The British Press had a field day with the British retreat. |
The guy who built the better rocket was a fellow in the Royal Ordnance division named William Congreve. Congreve figured out how to replicate the Sultan's rocket bodies, but then also figured out a cleaner mix of black powder propellent. The Royal Ordnance metal works cranked out tens of thousands of missile bodies, and the Royal Navy prepared to take on both Napoleon and the puny Americans with these new weapons o' doom.
Congreve's rockets weighed about as much as a bowling ball, and were built with a cylindrical metal body and a pointy (or sometimes knobby) "warhead" section. The rocket bodies were strapped to wooden staves that acted similar to kite tails, stabilizing their flight trajectories and providing a launch platform when stuck in the ground.
Napoleonic WMD |
I have no idea what "E" does. |
The British also figured out a brilliant tactic in rocket warfare that Tipu Sultan had missed: put a lot of rockets on board a ship, and then drive that ship up and down the enemy's coastline, taking random potshots at beach towns and harbors. The enemy would be as terrorized as the Redcoats were in India a decade or so before.

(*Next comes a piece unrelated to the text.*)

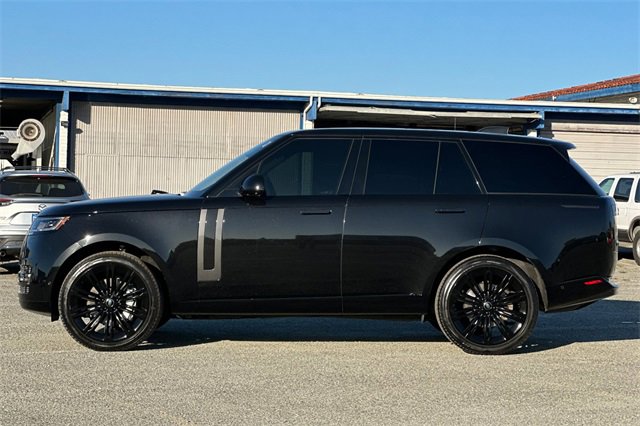 Used 2024 Land Rover Range Rover SE image 8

The plan worked, especially in the British attacks on American cities and towns. Royal Navy sloops, converted into flattop barges called rocket ships, were towed all over the Chesapeake Bay and the Potomac River. On September 9, 1813, the rocket ship Erebus shelled Alexandra, Virginia, during the land invasion of Washington, DC. Despite strong counterattacks by land-based American cannon batteries, the British managed to capture 22 prize ships in the Potomac River.
The following week, the Erebus joined several other ships in the attack on Baltimore Harbor. The main American defense of the harbor was a pretty substantial star-shaped redoubt called Fort McHenry. The fort's cannon ranges were slightly shy of the Congreve's 2 mile reach, but the cannons were more accurate at extreme range than the rockets - - especially if there were any winds, which tended to make the rockets act like badminton shuttlecocks turning into the wind.
The battle on the night of September 13th lasted all evening, with the British firing an estimated 3,000 rockets at the fort. The result? If you know the song, you already know the answer.
What is that which the breeze, o’er the towering steep,
As it fitfully blows, half conceals, half discloses?
Now it catches the gleam of the morning’s first beam,
In full glory reflected now shines in the stream:
’Tis the star-spangled banner, O! long may it wave
O’er the land of the free and the home of the brave.
The British ceased their attack as dawn approached, and slid down the Chesapeake, away from an unconquered Baltimore.
And the flag? 100 years ago this week it was displayed in downtown Baltimore, and it looked like this:
The failed rocket attack on Ft. McHenry affected American military opinion on rockets being useless as weapons for more than 125 years. More about that when another significant anniversary pops up very soon. Stay tuned!
And now that flag's in the Smithsonian:
ReplyDeletehttp://americanhistory.si.edu/about/ssb.cfm#gallery
Terrific history. Early V-2s. The distances and destructive power involved are pretty impressive. Thanks for the rocket-centric take on the event!
Fascinating stuff, Jim. Thanks for directing me to this.